### SUPPLIED RECORDS:
----

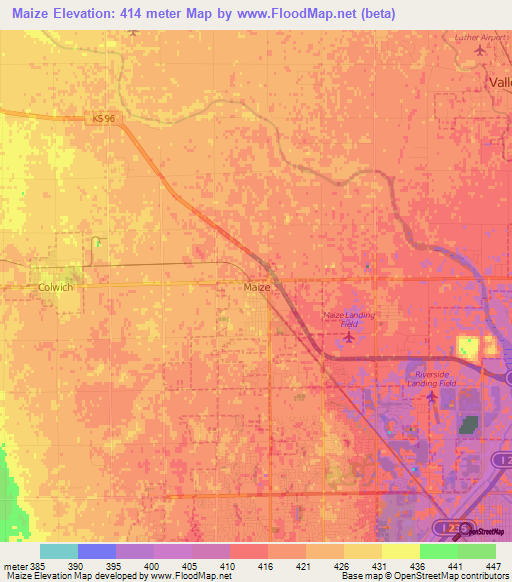 Maize,US Elevation Map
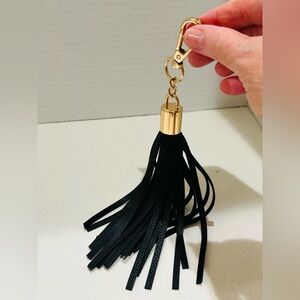 Beautiful! Black Tassel Bag Charm Keychain with Gold Clip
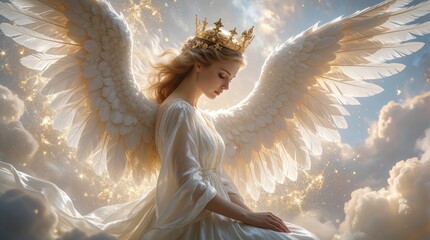 Fototapeta premium Serene angel with large white wings and golden crown sits in clouds. Female figure wears flowing white dress, looking down peacefully. Background shows starry sky with soft light.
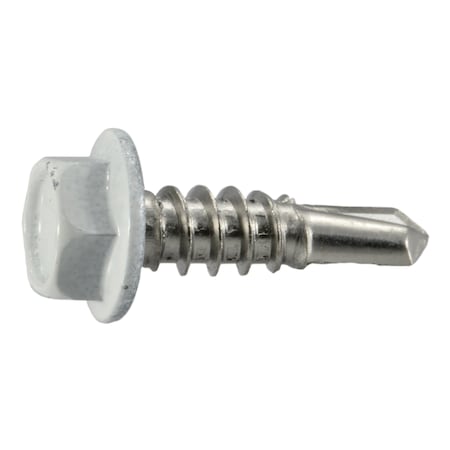 Midwest Fastener Self-Drilling Screw, #12 x 3/4 in, Painted Stainless Steel Flange Hex Head External Hex Drive, 8 PK 39588
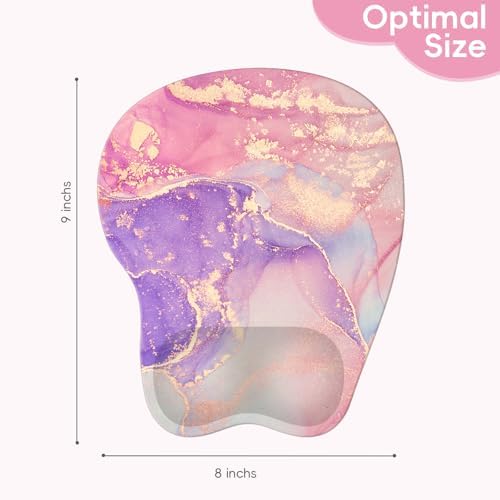 Upgrade Ergonomic Mouse Pad,Non Slip Mousepad Wrist Rest Support for Office, Computer, Laptop & Mac(B-Charming Pink Marble)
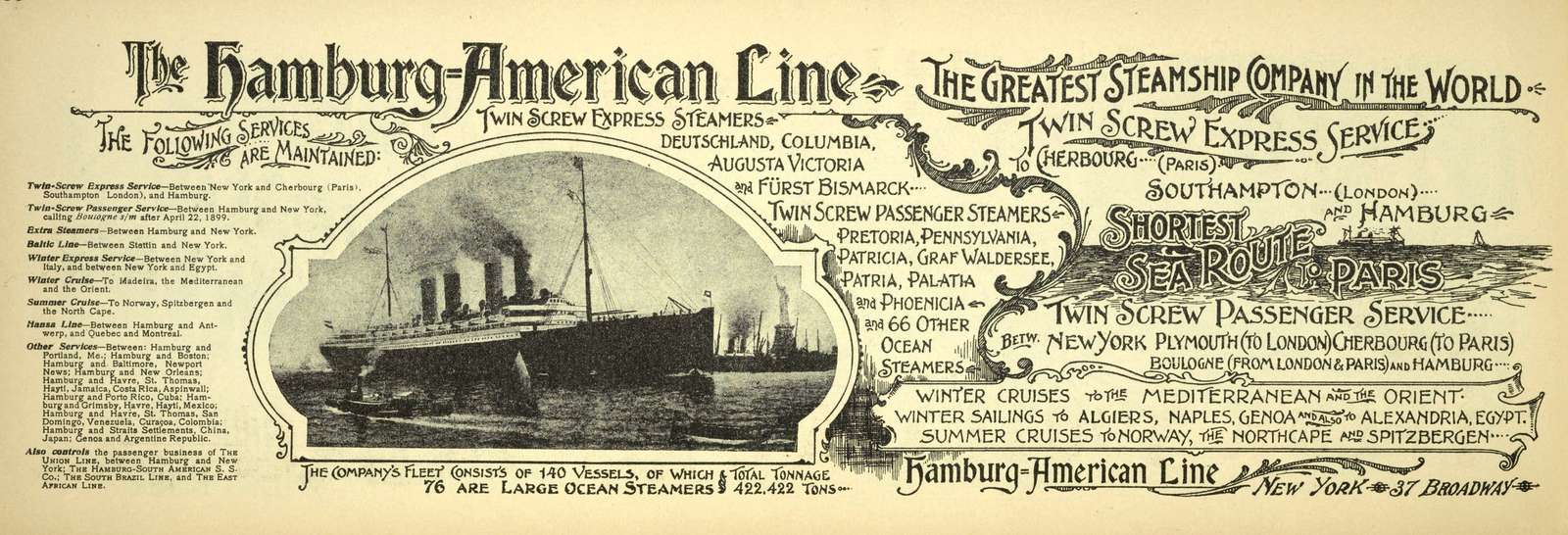 Anoniem -1899- De Hamburg-Amerikaanse lijn legpuzzel online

----

### WHAT IS EXPECTED:
The whole listing is to be retyped exactly, with its pictures removed.

### SOLVED PROBLEM:
 Maize,US Elevation Map
 Beautiful! Black Tassel Bag Charm Keychain with Gold Clip
 Fototapeta premium Serene angel with large white wings and golden crown sits in clouds. Female figure wears flowing white dress, looking down peacefully. Background shows starry sky with soft light.
 Midwest Fastener Self-Drilling Screw, #12 x 3/4 in, Painted Stainless Steel Flange Hex Head External Hex Drive, 8 PK 39588
 Upgrade Ergonomic Mouse Pad,Non Slip Mousepad Wrist Rest Support for Office, Computer, Laptop & Mac(B-Charming Pink Marble)
 Anoniem -1899- De Hamburg-Amerikaanse lijn legpuzzel online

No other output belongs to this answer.